[net-next] gro: avoid checking for a failed search

Message ID 20221024051744.GA48642@debian
State New
Headers
Series [net-next] gro: avoid checking for a failed search |

Commit Message

Richard Gobert Oct. 24, 2022, 5:17 a.m. UTC
  After searching for a protocol handler in dev_gro_receive, checking for
failure is redundant. Skip the failure code after finding the 
corresponding handler.

Signed-off-by: Richard Gobert <richardbgobert@gmail.com>
---
 net/core/gro.c | 8 ++++----
 1 file changed, 4 insertions(+), 4 deletions(-)
  

Comments

Jakub Kicinski Nov. 1, 2022, 3:51 p.m.

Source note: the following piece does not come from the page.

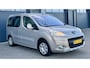 Peugeot Partner Tepee 1.6 XT 109pk Executive | Lage KM NAP |5 Persoons | Trekhaak | Rijklaar | Benzine |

UTC | #1
On Mon, 24 Oct 2022 07:17:49 +0200 Richard Gobert wrote:
> After searching for a protocol handler in dev_gro_receive, checking for
> failure is redundant. Skip the failure code after finding the 
> corresponding handler.

Why does it matter? You see a measurable perf win?

Please fix the data on your system when you repost.
  
Richard Gobert Nov. 2, 2022, 4:45 p.m. UTC | #2
> Why does it matter? You see a measurable perf win?

In the common case, we will exit the loop with a break,
so this patch eliminates an unnecessary check.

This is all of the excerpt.